Schedules in Machine Learning Computation: What They Are and Who Needs to Know About Them
What is a schedule
A schedule is the plan for how a computation is executed efficiently on hardware, as opposed to what the computation means mathematically.
- loop order
- tiling / blocking
- fusion
- vectorization
- parallelization
- memory placement
- GPU thread/block mapping
This matters because the same mathematical computation can have many implementations with very different performance.

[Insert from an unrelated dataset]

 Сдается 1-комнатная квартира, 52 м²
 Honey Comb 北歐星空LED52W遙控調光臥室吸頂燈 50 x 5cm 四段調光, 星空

Different ML frameworks and how much they require schedule specification
Below is a practical spectrum.
High-level tensor frameworks
The programmer usually specifies no schedule directly.
The user mostly writes:
- tensor ops
- module definitions
- training/inference logic
Scheduling decisions are left to:
- the framework
- backend compilers
- optimized libraries like cuBLAS and cuDNN
Schedule burden on the programmer: very low.
ML compilers (JAX+XLA, TensorFlow+XLA, PyTorch compile paths)
The programmer still usually does not explicitly write the schedule, but they do need to write code that compiles well. That means understanding things like:
- fusion-friendly expression style
- avoiding patterns that trigger recompilation
- avoiding graph breaks
- being aware of shape and layout effects
The schedule is still mostly chosen by the compiler.
Schedule burden on the programmer: low to moderate, mostly indirect.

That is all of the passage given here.